Android and iOS users blackmailed by 'Goontact' spyware

Security researchers have discovered a new variant of spyware that's targeting iOS and Android users as part of an international sextortion scam.

According to a blog post by researchers at cyber security firm Lookout, the spyware, called Goontact, has been found in multiple Asian countries and targets users of illicit sites and steals personal information stored on their mobile devices.

Researchers said the types of sites used to distribute these malicious apps and the information exfiltrated suggests that the ultimate goal is extortion or blackmail.

The spyware often disguises itself as secure messaging applications and can exfiltrate a wide range of data, such as device identifiers and phone number, contacts, SMS messages, photos on external storage, and location information.

While it is not presently known who is behind Goontact, it is the newest addition to a crime affiliate’s arsenal, rather than nation-state actors, said researchers.

This fraud begins when potential targets are lured into initiating a conversation on websites offering escort services. Account IDs for secure messaging apps such as KakaoTalk or Telegram are advertised on these sites as the best forms of communication and the individual initiates a conversation.

“In reality, the targets are communicating with Goontact operators. Targets are convinced to install (or sideload) a mobile application on some pretext, such as audio or video problems. The mobile applications in question appears to have no real user functionality, except to steal the victim’s address book, which is then used by the attacker ultimately to extort the target for monetary gain,” said researchers.

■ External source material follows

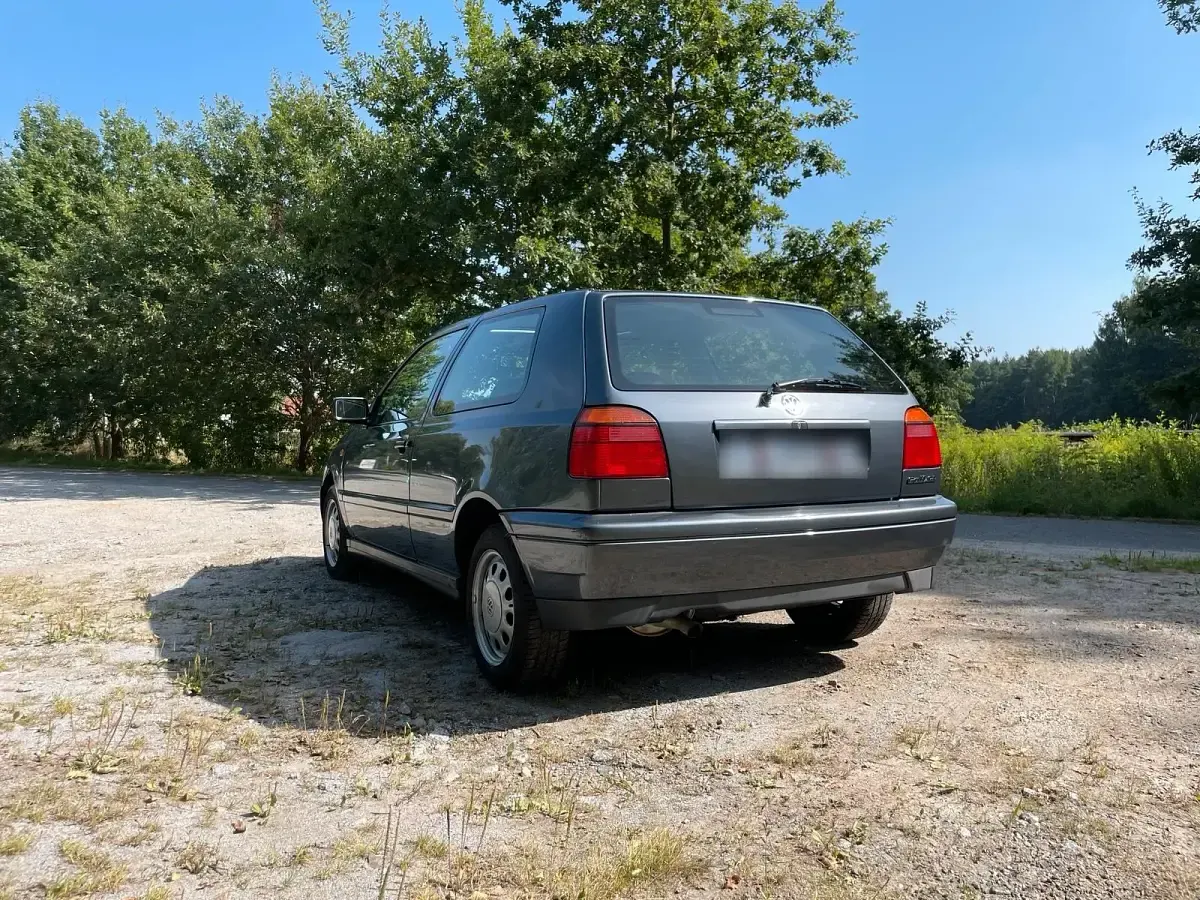 Gebraucht VW Golf III 75 PS (55 kW) 1996 Kleinwagen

Based on investigations carried out by researchers, the campaign has been active since at least 2013. However, the Goontact malware family is novel and is still actively being developed.

“The earliest sample of Goontact observed by Lookout was in November 2018, with matching APK packaging and signing dates, leading us to believe malware development likely started in this time frame,” researchers said.

While the Goontact surveillance apps described in this campaign are not available on Google Play or the Apple App Store, the duration, tactics, and breadth exhibited highlight the lengths to which malicious actors will go to deceive victims and bypass built-in protections.

“It’s no secret that mobile devices are a treasure trove for cyber criminals,” said Phil Hochmuth, programme vice president of Enterprise Mobility at IDC.

“As the use of mobile devices continues to increase, so does the maturity of iOS and Android cybercrime. Now more than ever, consumers must be proactive in avoiding compromise with iOS and Android threat actors whose main objective is to fleece them financially.”